Nel cuore di Catania, nel quartiere della Civita, esiste un posto
magico con ombrelli rossi che pendono capovolti dal soffitto, poltrone
multicolori e scaffali pieni di libri. È il Teatro Coppola, primo teatro comunale
della città di Catania, nato per esplicita richiesta dei cittadini nel 1821. Già trasformato in magazzino e poi riaperto al pubblico, il teatro non
regge la devastazione delle due guerre mondiali e dei bombardamenti americani, che fanno cessare per due volte le attività
teatrali. Dopo le bombe è l’incuria dell’amministrazione comunale che
trasforma, storpiandolo, questo luogo di cultura. Sarà laboratorio scenografico
del Teatro Massimo Bellini e avrebbe dovuto essere anche la sua sala prove,
secondo un progetto del 2005 approvato ma mai realizzato.
È solo nel 2011 che il teatro riesce a vivere ancora quel guizzo di
vera operosità e civico impegno. Il 16 dicembre un gruppo di cittadini occupa il teatro, e da allora
fino a oggi il Teatro Coppola Teatro dei Cittadini è in stato di occupazione, cioè senza un’

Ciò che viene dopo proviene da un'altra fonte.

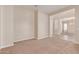 Spacious living room showcasing neutral paint, plush carpeting, and a seamless open layout at 4724 S Anitole Way, Mesa, AZ 85212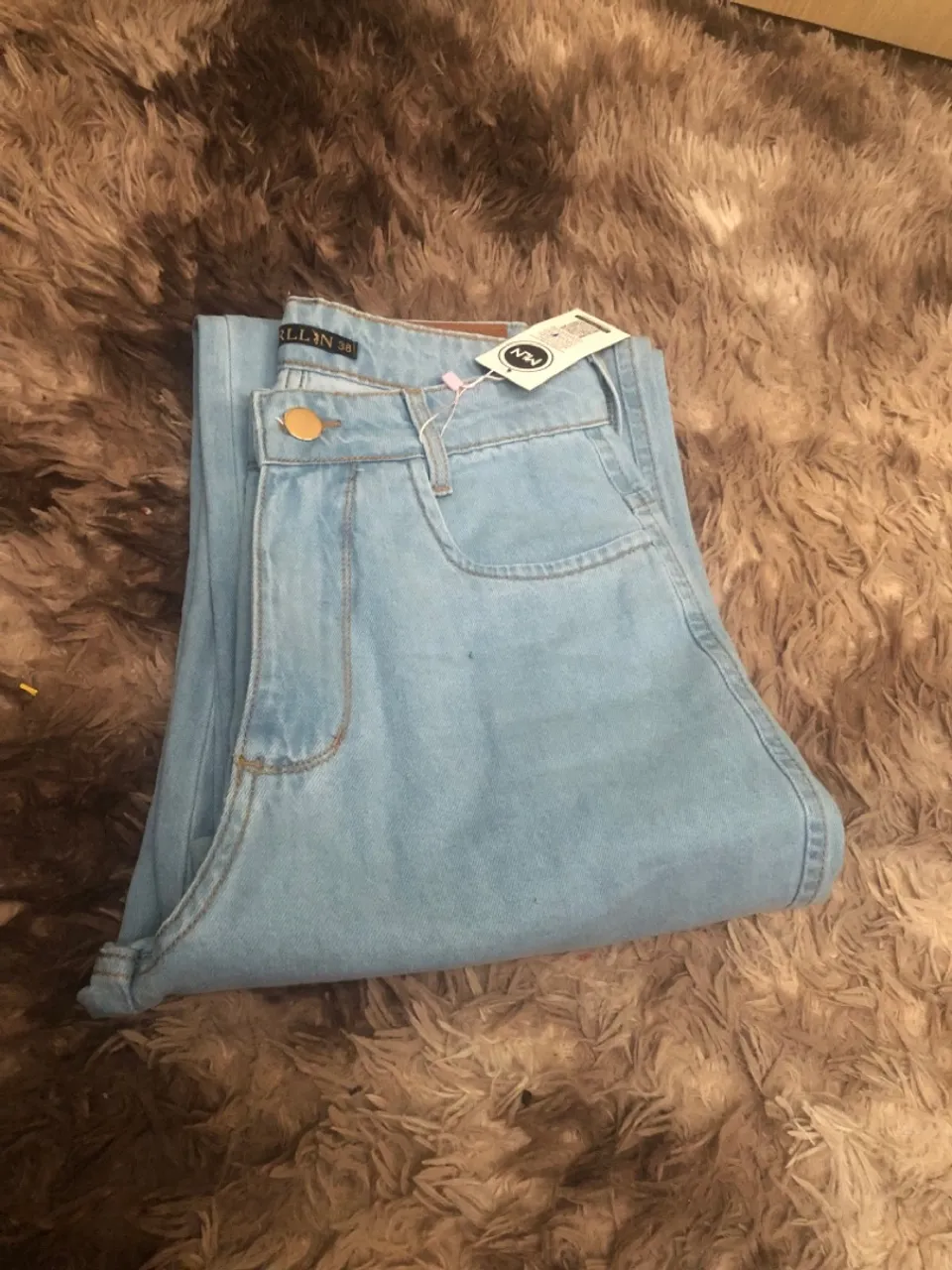 Calça jeans clara wide leg pantalona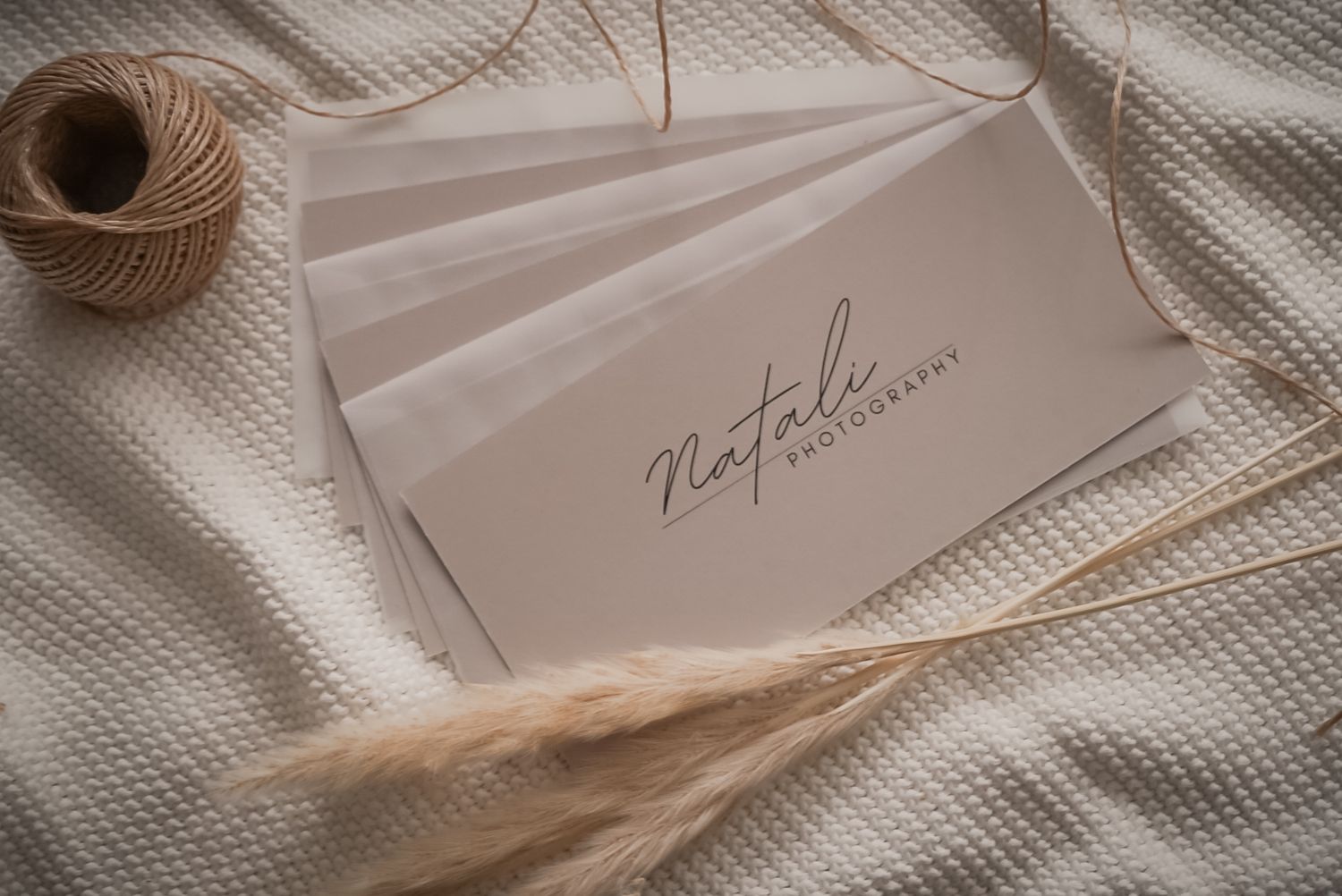 A white envelope with elegant script handwriting sits beside twine and dried wheat on a textured fabric background.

autorizzazione legale che permetta lo svolgimento delle attività teatrali al
suo interno. Scopo del Teatro Coppola, come si legge nel manifesto, è
rivendicare “il diritto di ognuno a organizzarsi per liberare i beni pubblici
dall’abbandono delle Amministrazioni, per sottrarli alle speculazioni private e
restituirli alla comunità come luoghi di spontaneità sociale e lavorativa”. Un anno dopo l’occupazione, il 16 dicembre 2012, esce un libriccino autoprodotto,
dove molti tra i protagonisti dell’occupazione raccontano la loro esperienza di cittadini e di operatori di teatro al Coppola. Noi di CriticaLetteraria, incuriositi dopo aver letto il loro Senza smettere di essere un
teatro, abbiamo deciso di andare a fare due chiacchiere con chi
vive il Teatro Coppola quotidianamente.
Non appena si varca la soglia del teatro, si capisce subito di essere
in un posto che regala gratuitamente una bellissima quanto rara sensazione: il
senso di appartenenza. Quelle pareti piene di foto, quelle poltrone, quel palco accolgono il
cittadino senza farlo mai sentire fuori luogo. È un posto che fa venir voglia
di parlare, di chiedere, di dare sfogo a “quella voglia istantanea di
rimboccarsi le maniche”, come scrive Anna. Dai bravi cittadini ha subito “fin troppe cose legali ma illegittime” aggiunge
Monica, quindi “non chiamatemi brava cittadina”. Ora si tratta di fare una cosa
illegale, ma legittima: perché il bisogno di confronto, di cultura, di bellezza
è sentito come estremamente necessario da tutti gli occupanti del Teatro
Coppola e – ne siamo sicuri – da molti più catanesi. E infatti i catanesi sono
invitati a partecipare attivamente all'organizzazione del Teatro Coppola, che è
teatro di tutti i cittadini, dove tutti possono partecipare alle assemblee,
proporre uno spettacolo, un film, un laboratorio.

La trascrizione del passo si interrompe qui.